Ночью 31 марта позвонил Дмитрий Муратов, главред «Новой газеты», и сказал, что только что говорил с женой Евтушенко: ему остаются часы. Дал ее телефон.
Маша сказала, что пускают к нему уже свободно, но приезжать бессмысленно: чудом будет, если он доживет до утра. До утра он дожил. «Он не говорит, потому что лежит в кислородной маске, но все слышит и понимает. Если вы хотите что-то сказать ему, я поставлю телефон на громкую связь».
И я стал думать, что можно сказать человеку, который долго был моим любимым поэтом и уж точно самым известным поэтом, пишущим по-русски; человеку, который страшно всех раздражал, хотя этого не заслуживал — но, как сказал его сверстник и самый пристрастный исследователь Лев Аннинский, «рядом живет и работает вот такой графоман, но графоман мне неинтересен. А Евтушенко меня бесит именно потому, что он — родной».
Мы всегда выбираем врага по себе, и Бродский назначил Евтушенко главным врагом по принципу симметрии, по сходству масштаба, по близости темпераментов и противоположности стратегий. Вознесенский ему в конкуренты не годился, потому что был поэтом другой темы — и слава его была все-таки не всенародной; Окуджава и Высоцкий проходили по другому ведомству. А Евтушенко был именно тем, кем Бродский одновременно мучительно хотел и не хотел быть: он был советским поэтом — что выглядело для Бродского явным компромиссом, — и всемирным любимцем, знаменитостью, которой многое можно за границей и на родине. Он был номером первым, чего и Бродский для себя желал — но не такой ценой. Впрочем, оба делали карьеру — и оба могли бы о себе сказать словами Евтушенко: «Я делаю себе карьеру тем, что не делаю ее!» В обоих случаях это было, скажем так, не совсем честно.
Мне сразу возразят, что качество стиха, сама его фактура у Бродского другие, что он несравнимо глубже и, если говорить о ремесле, мастеровитее; это верно только отчасти. Евтушенко был бы куда более бесспорен, если бы написал (точней, напечатал) меньше. Большая часть его стихов испорчены длиннотами, разжевываниями, иногда банальностями — но ведь и у Бродского при сегодняшнем чтении многие длинноты поражают и раздражают, а монотонность удручает. Евтушенко кокетничал и позировал — но и подставлялся, давая читателю радость отождествления; Бродский принимал иные позы — более напоминающие римскую статую или даже египетскую мумию, — но это тоже позы.

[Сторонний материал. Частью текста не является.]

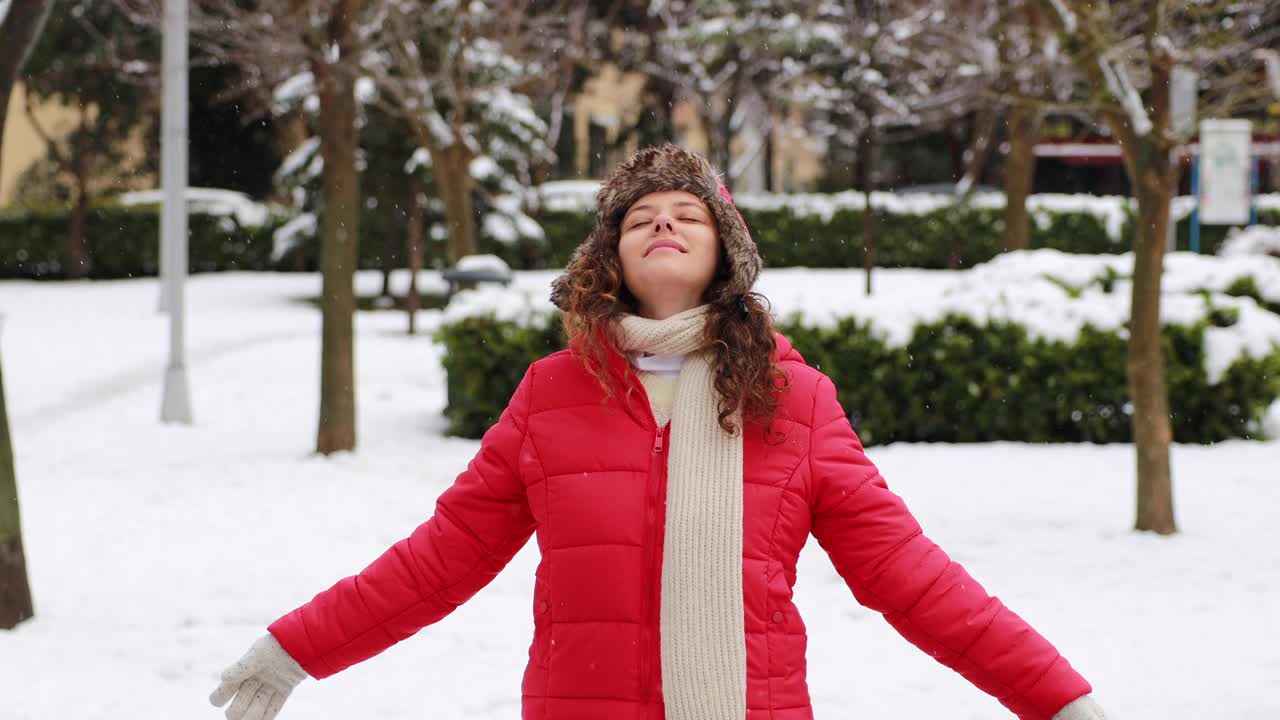 年轻女子正在享受下雪的冬日视频素材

Евтушенко был хорошим человеком — об этом говорили все, кто глубоко его знал, и упорней всех Окуджава: он добрый, повторял он, и это искупает все. Я никогда не забуду, говорил он, как Евтушенко приходил ко мне в кабинет в «Литгазете», где я заведовал некоторое время поэзией. В кабинете был телефон. Он усаживался на стол и начинал названивать, устраивая множество дел своих дальних и близких приятелей, а иногда и вовсе незнакомых людей. (И в сознании всех этих людей он занимал важное место: разбирая в архиве Новеллы Матвеевой ее предсмертные дневники, я нашел запись: «Сегодня во сне долго спорила с Евтушенко, говорила ему, что он не видит, как унижают Россию, но он все время отвлекался на приятелей».) Да, Евтушенко был хорошим человеком — со множеством раздражающих, отталкивающих и даже противных качеств; а Бродский, насколько можно судить по многим мемуарам, в том числе недавно опубликованным, и по переписке с Аксеновым, — был человеком плохим, но при этом необычайно привлекательным.
Процент качественных текстов у Евтушенко значительно ниже, и потому он так и не дождался своего Нобеля — хотя могли бы дать, не переломились бы, как-нибудь не меньше Дилана поэт, про других молчу. Ключевые, главные тексты русской лирики рубежа шестидесятых–семидесятых — это «Осенний крик ястреба» Бродского, «Охота на волков» Высоцкого и «Монолог голубого песца» Евтушенко. Прочтите этот текст — может быть, лучший, исповедальнейший у него. Ныне слово «песец» имеет вполне устойчивую сетевую коннотацию — маленький пушной зверек движется к нам стремительно; про «голубой» и говорить нечего, но это не помешает вам оценить стихотворение, после которого Катаев сказал автору: «Женя, перестаньте писать стихи, радующие нашу интеллигенцию. На этом пути вы не достигнете счастья». Но он достиг, хоть и шишек на него упало предостаточно; а кого тут еще радовать, кроме интеллигенции? Народ, может быть? К чести Евгения Александровича, таких пошлостей, как стихотворение «Народ» Иосифа Александровича, он не писал даже в ранние годы. «Рот, говорящий неправду, ладонью закроет народ» — каково!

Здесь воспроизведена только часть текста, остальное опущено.